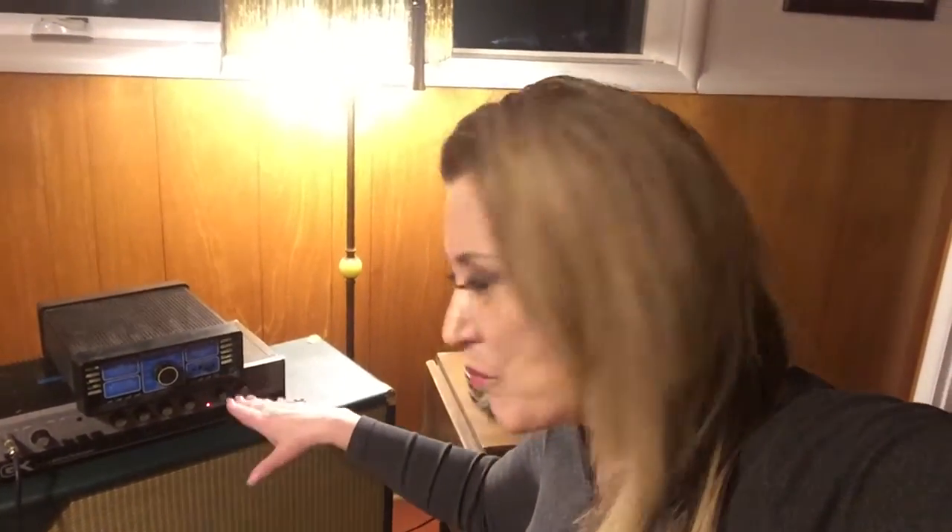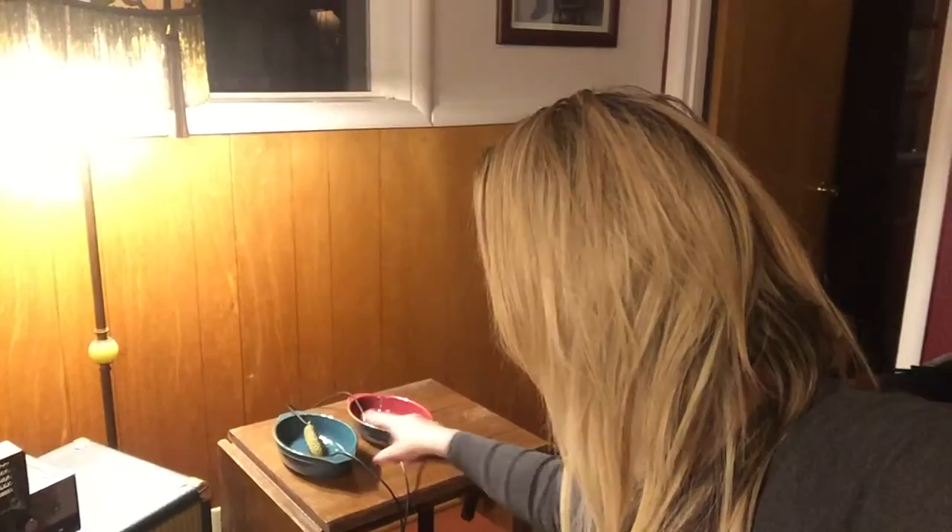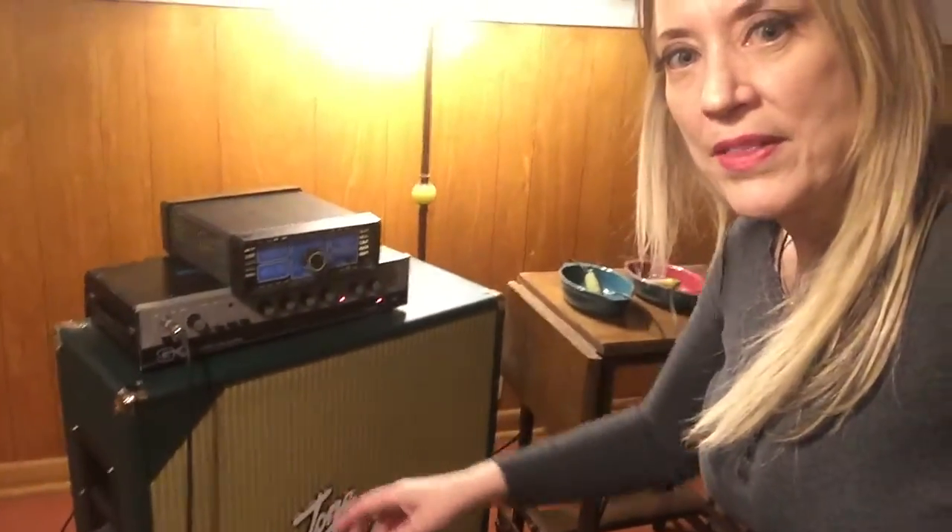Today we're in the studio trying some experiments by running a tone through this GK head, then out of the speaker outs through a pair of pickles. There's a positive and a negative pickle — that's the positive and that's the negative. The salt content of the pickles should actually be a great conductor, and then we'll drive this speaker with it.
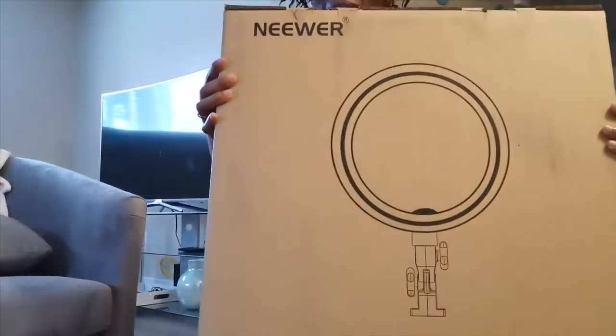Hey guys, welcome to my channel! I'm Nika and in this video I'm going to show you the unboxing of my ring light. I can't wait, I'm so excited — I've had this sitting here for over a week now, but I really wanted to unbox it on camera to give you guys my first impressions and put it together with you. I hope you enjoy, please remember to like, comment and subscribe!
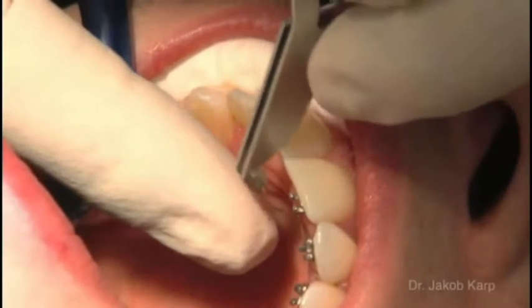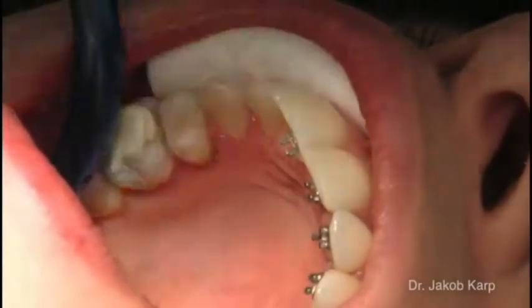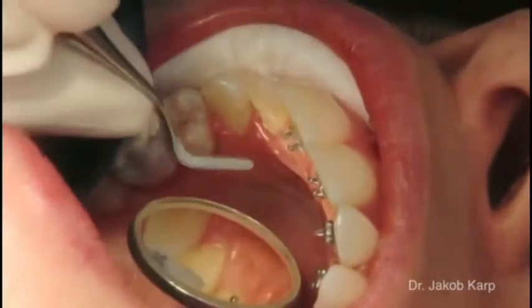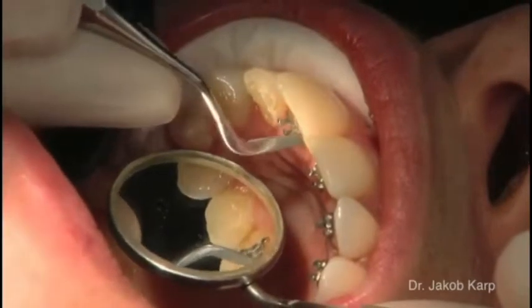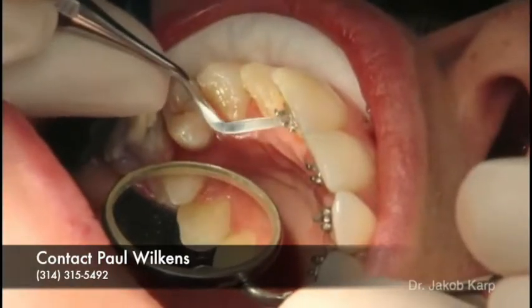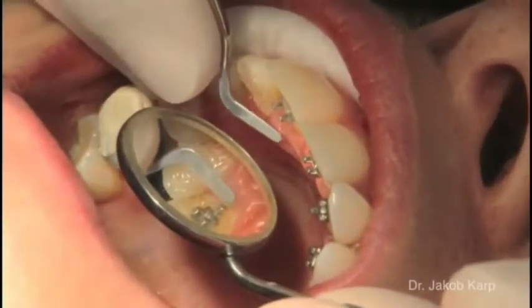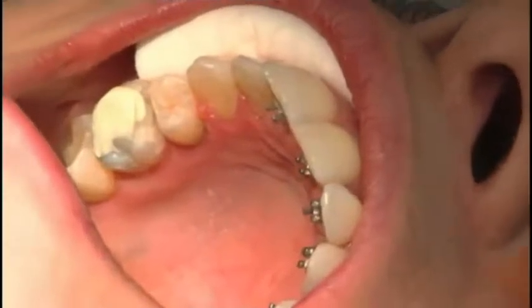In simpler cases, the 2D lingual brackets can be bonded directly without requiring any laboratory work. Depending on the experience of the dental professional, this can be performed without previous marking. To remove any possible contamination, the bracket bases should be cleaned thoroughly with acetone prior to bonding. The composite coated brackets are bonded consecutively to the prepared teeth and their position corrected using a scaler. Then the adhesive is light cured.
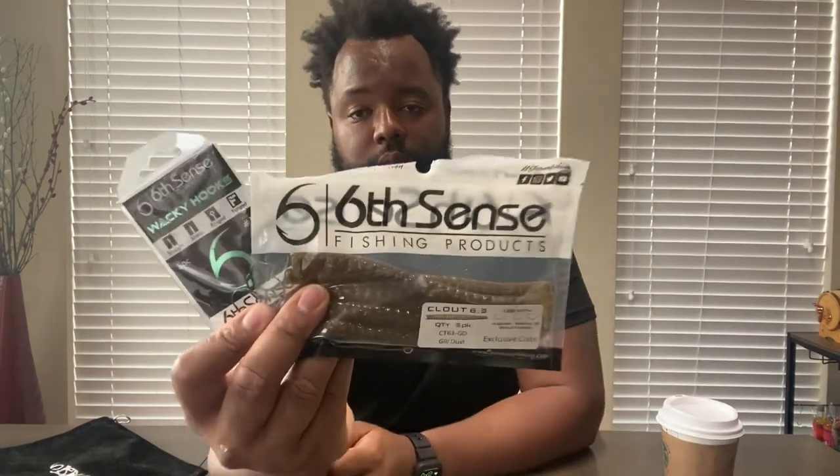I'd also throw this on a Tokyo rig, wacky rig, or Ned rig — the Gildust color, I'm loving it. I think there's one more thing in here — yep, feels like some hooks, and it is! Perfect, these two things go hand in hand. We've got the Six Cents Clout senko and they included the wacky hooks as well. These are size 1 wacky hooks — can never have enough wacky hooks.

#####

The answer should hold every line of the listing, copied exactly, with no pictures.

Finished exercise →
Today we're in the studio trying some experiments by running a tone through this GK head, then out of the speaker outs through a pair of pickles. There's a positive and a negative pickle — that's the positive and that's the negative. The salt content of the pickles should actually be a great conductor, and then we'll drive this speaker with it.
Hey guys, welcome to my channel! I'm Nika and in this video I'm going to show you the unboxing of my ring light. I can't wait, I'm so excited — I've had this sitting here for over a week now, but I really wanted to unbox it on camera to give you guys my first impressions and put it together with you. I hope you enjoy, please remember to like, comment and subscribe!
In simpler cases, the 2D lingual brackets can be bonded directly without requiring any laboratory work. Depending on the experience of the dental professional, this can be performed without previous marking. To remove any possible contamination, the bracket bases should be cleaned thoroughly with acetone prior to bonding. The composite coated brackets are bonded consecutively to the prepared teeth and their position corrected using a scaler. Then the adhesive is light cured.
I'd also throw this on a Tokyo rig, wacky rig, or Ned rig — the Gildust color, I'm loving it. I think there's one more thing in here — yep, feels like some hooks, and it is! Perfect, these two things go hand in hand. We've got the Six Cents Clout senko and they included the wacky hooks as well. These are size 1 wacky hooks — can never have enough wacky hooks.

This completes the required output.